There’s a new crop of thinkers who are noticing that while Agile and Lean Startup approaches are being enthusiastically embraced by organisations, they are mostly being implemented at a team level. The promised improvements, such as quicker delivery of product and happier teams may well be there, but the organisational improvements that will lead to innovation and customer value are not fully realised.

Barry O’Reilly summarises this perfectly when he explains how difficult it is for organisations to implement Agile and Lean Startup across the enterprise. He explains, “In most cases it [is] impossible to realize anything more than incremental improvements because only part of the organization [has] changed – and that part need[s] to work with the rest of the organization, which expect[s] them to behave in the traditional way.”

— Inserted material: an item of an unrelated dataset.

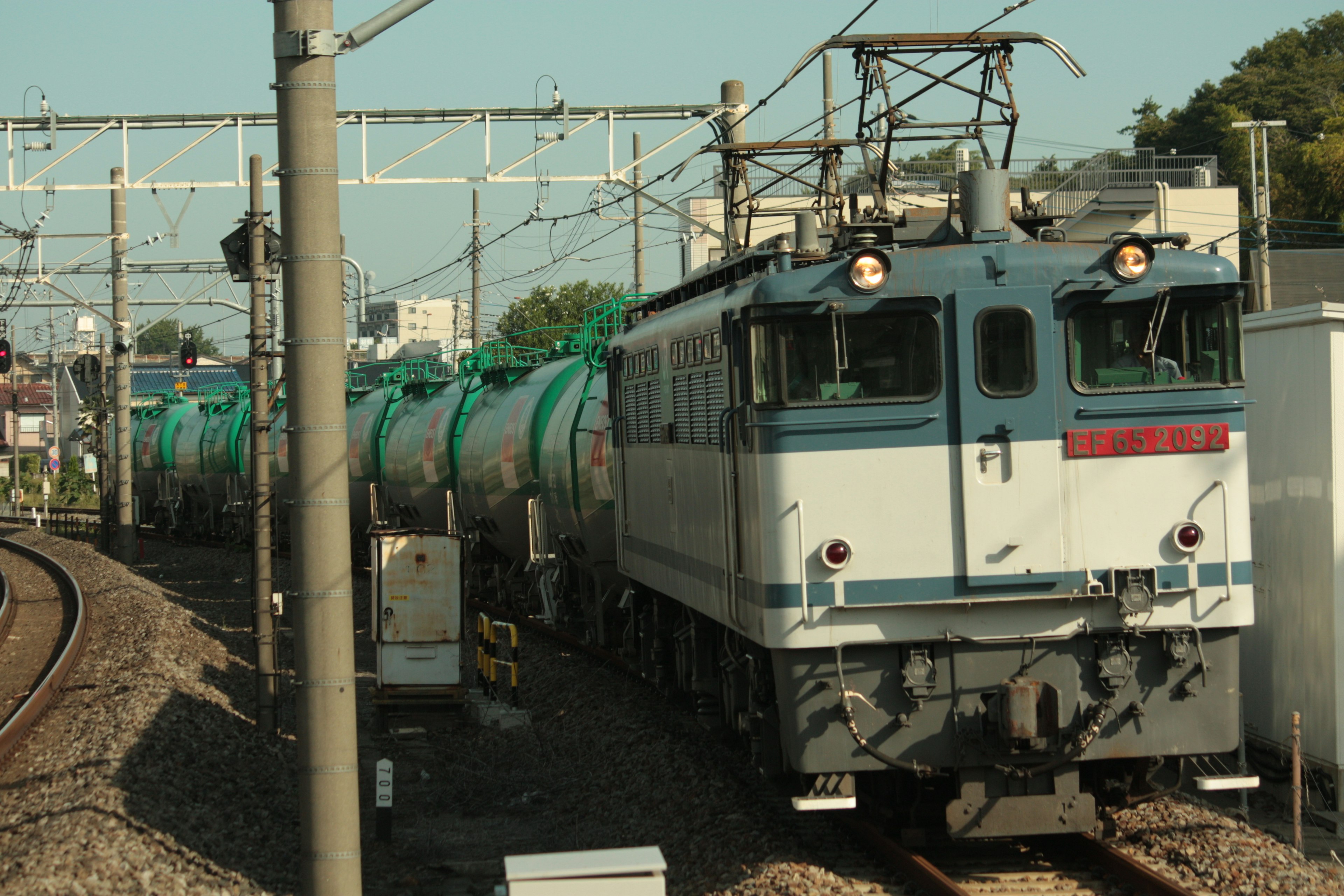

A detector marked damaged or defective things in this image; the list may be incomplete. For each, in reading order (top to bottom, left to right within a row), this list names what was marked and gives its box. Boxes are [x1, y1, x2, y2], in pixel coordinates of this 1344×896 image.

rusty metal cabinet [371, 529, 465, 693]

Jez Humble, Joanne Molesky and Barry O’Reilly’s fabulous book, Lean Enterprise: How High Performance Organisations Innovate at Scale, describes how successful organisations rethink everything, from financial management and governance, to risk and compliance, to systems architecture, to program, portfolio and requirements management, in the pursuit of radically improved performance.

Business Agility is about developing the patterns across an entire organisation to fulfil on the promise of Agile and Lean Startup:

  • Minimum viable everything – product, experience and process
  • Measure outcomes (value), not outputs (stuff done)
  • Experiment to learn – create a generative safe to try culture to continuously improve

Through meeting with thinkers at the forefront of Business Agility; Barry O’Reilly and Pat Reed, I’ve collated these questions to help organisations grow Business Agility.

Minimum Viable Everything

Do our processes generate value, rather than hold us back?

Can we map how much time we spend on value generation versus being busy?

Do we create “won’t do” lists to focus on the most valuable activities we should be doing?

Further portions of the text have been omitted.